• **WORK REQUIRED**:
For the records below, print the lines from the line with "发达国家90%的人都在这样上厕所？国内却鲜有人知" through the line with "外部ポンプ 外部ポンプ" exactly as written; include both end lines and exclude the rest.

(Collected data)
--- START ---
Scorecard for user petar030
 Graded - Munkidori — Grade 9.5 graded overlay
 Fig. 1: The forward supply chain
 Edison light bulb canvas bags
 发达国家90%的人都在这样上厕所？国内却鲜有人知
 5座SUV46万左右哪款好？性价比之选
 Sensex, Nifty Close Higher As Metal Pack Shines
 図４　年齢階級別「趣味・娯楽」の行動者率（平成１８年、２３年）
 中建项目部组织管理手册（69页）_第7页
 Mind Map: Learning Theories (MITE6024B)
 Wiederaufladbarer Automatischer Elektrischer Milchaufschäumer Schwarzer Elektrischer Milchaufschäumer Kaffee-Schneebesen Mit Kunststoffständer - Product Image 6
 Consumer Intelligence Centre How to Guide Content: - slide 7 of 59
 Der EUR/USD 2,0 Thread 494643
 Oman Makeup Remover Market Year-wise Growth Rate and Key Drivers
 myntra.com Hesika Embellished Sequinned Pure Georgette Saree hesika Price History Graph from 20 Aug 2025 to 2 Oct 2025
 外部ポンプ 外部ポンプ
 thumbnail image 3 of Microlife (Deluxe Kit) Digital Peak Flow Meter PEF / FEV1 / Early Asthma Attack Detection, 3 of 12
--- END ---
• **TASK ANSWER**:
 发达国家90%的人都在这样上厕所？国内却鲜有人知
 5座SUV46万左右哪款好？性价比之选
 Sensex, Nifty Close Higher As Metal Pack Shines
 図４　年齢階級別「趣味・娯楽」の行動者率（平成１８年、２３年）
 中建项目部组织管理手册（69页）_第7页
 Mind Map: Learning Theories (MITE6024B)
 Wiederaufladbarer Automatischer Elektrischer Milchaufschäumer Schwarzer Elektrischer Milchaufschäumer Kaffee-Schneebesen Mit Kunststoffständer - Product Image 6
 Consumer Intelligence Centre How to Guide Content: - slide 7 of 59
 Der EUR/USD 2,0 Thread 494643
 Oman Makeup Remover Market Year-wise Growth Rate and Key Drivers
 myntra.com Hesika Embellished Sequinned Pure Georgette Saree hesika Price History Graph from 20 Aug 2025 to 2 Oct 2025
 外部ポンプ 外部ポンプ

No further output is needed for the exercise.